Supplied data:
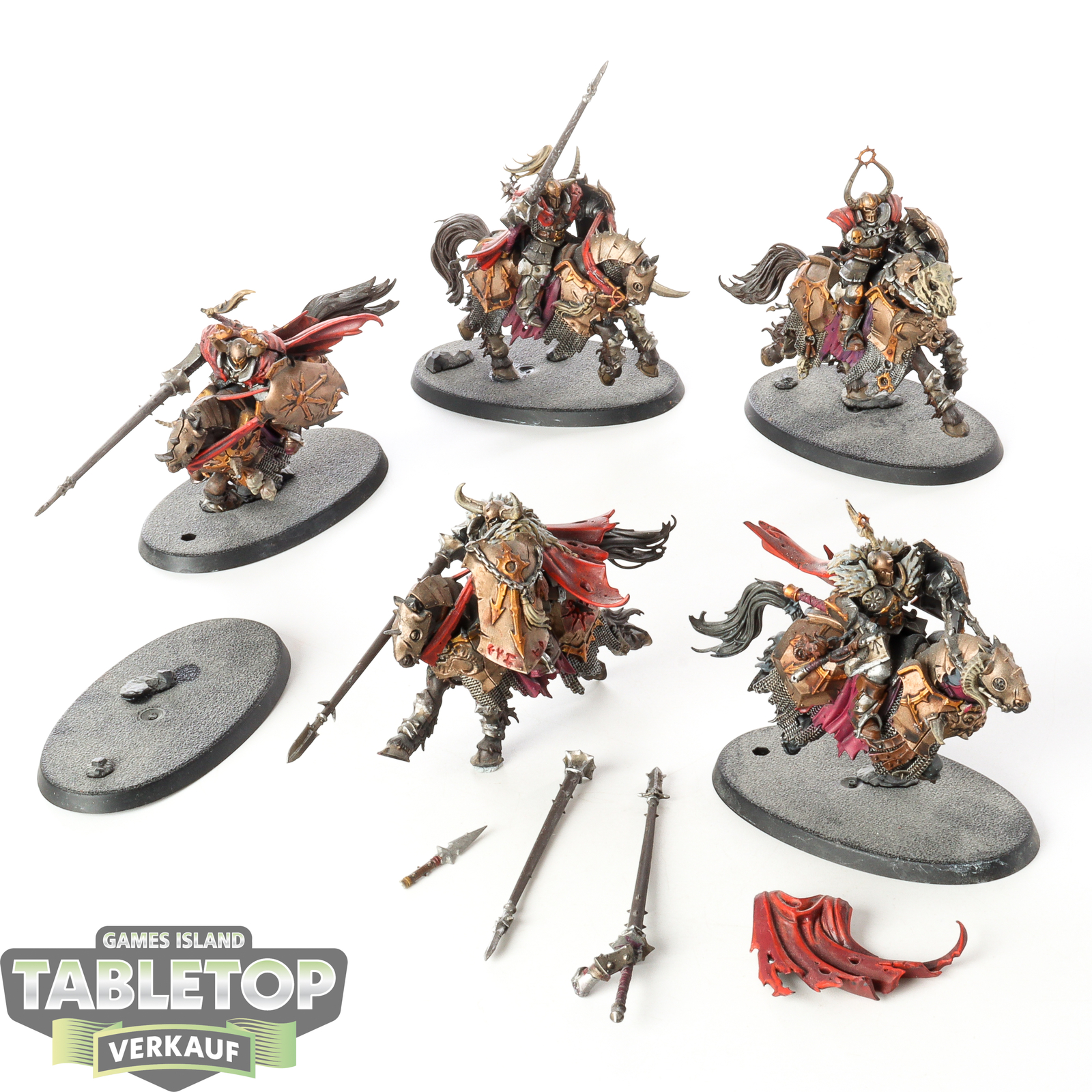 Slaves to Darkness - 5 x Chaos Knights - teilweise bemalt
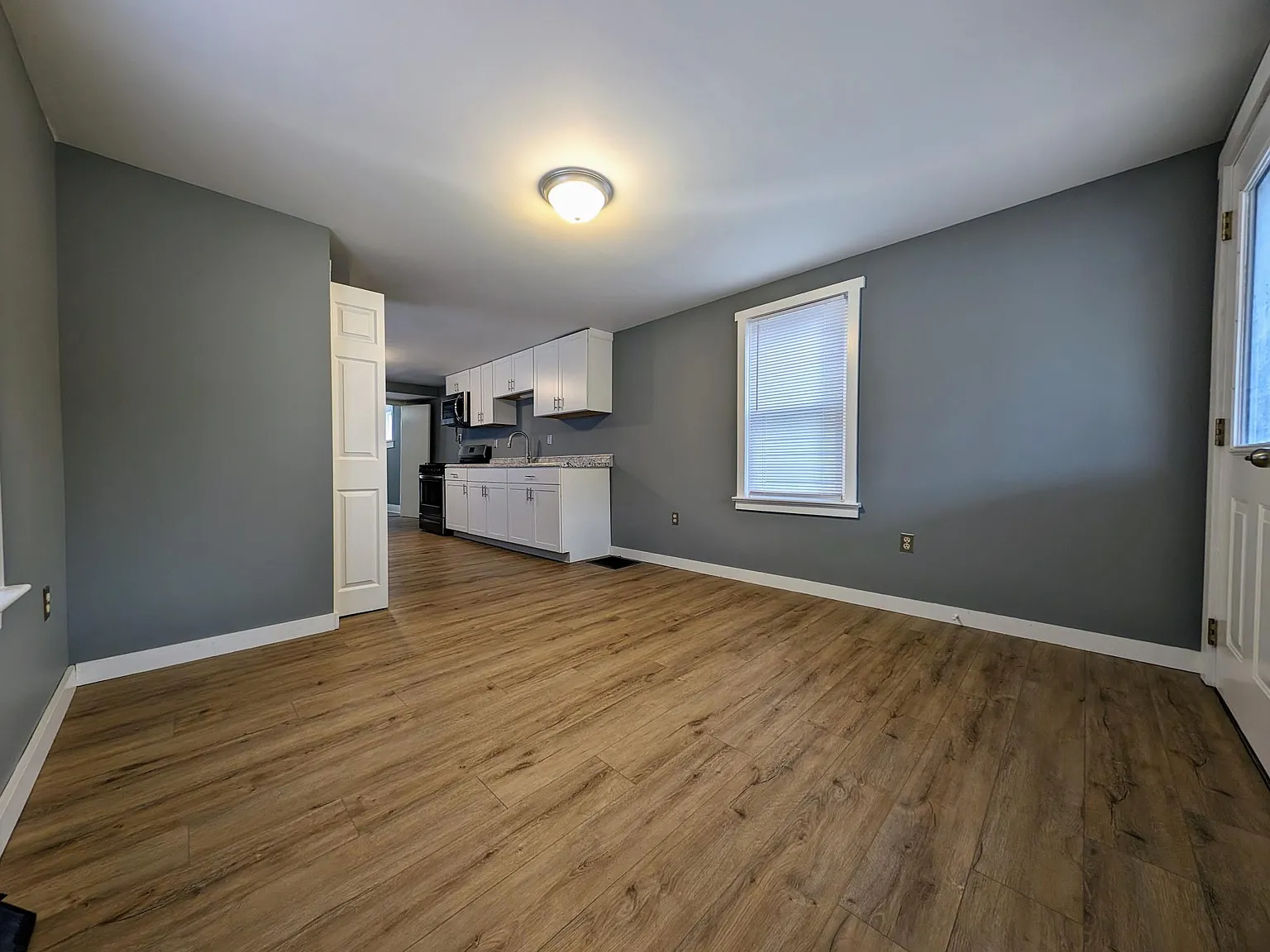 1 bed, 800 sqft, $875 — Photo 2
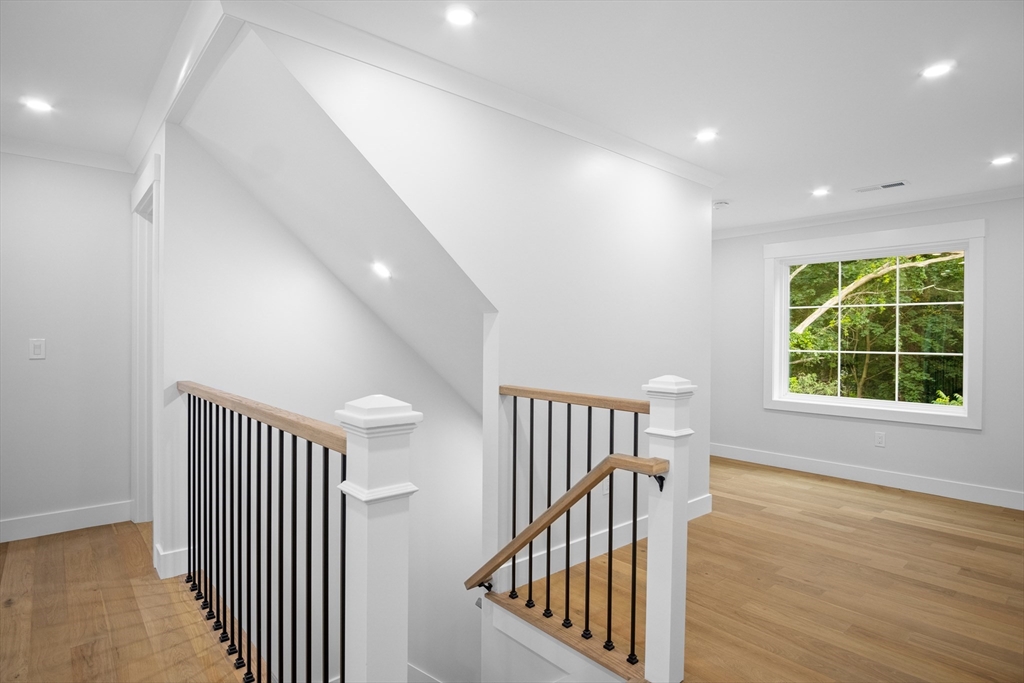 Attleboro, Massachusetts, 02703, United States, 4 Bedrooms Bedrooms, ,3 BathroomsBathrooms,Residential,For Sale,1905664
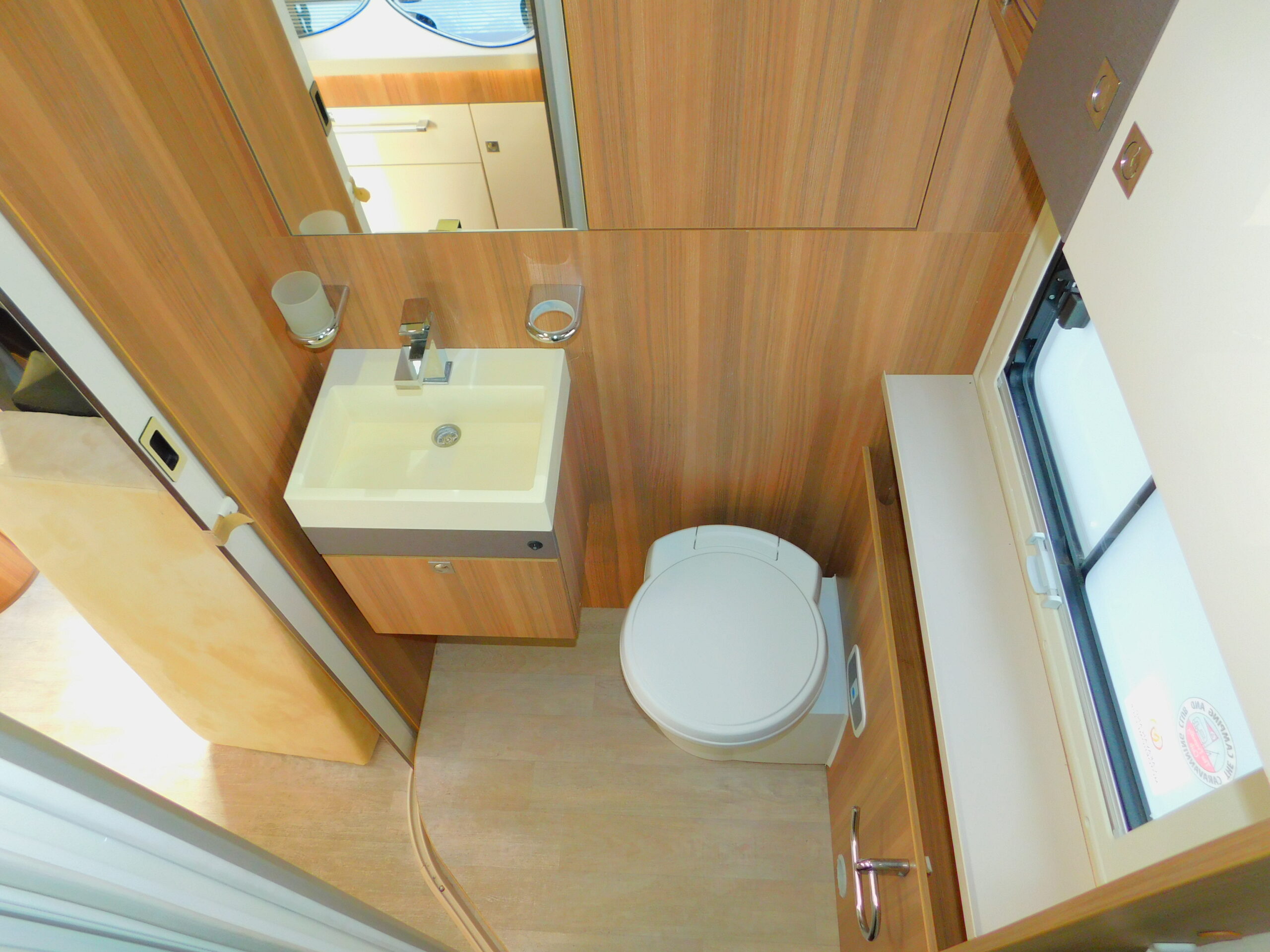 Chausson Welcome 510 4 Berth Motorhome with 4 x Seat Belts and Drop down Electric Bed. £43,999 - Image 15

Work instructions: The job here is to retype the data exactly, with no pictures included.

Answer for this exercise:
 Slaves to Darkness - 5 x Chaos Knights - teilweise bemalt
 1 bed, 800 sqft, $875 — Photo 2
 Attleboro, Massachusetts, 02703, United States, 4 Bedrooms Bedrooms, ,3 BathroomsBathrooms,Residential,For Sale,1905664
 Chausson Welcome 510 4 Berth Motorhome with 4 x Seat Belts and Drop down Electric Bed. £43,999 - Image 15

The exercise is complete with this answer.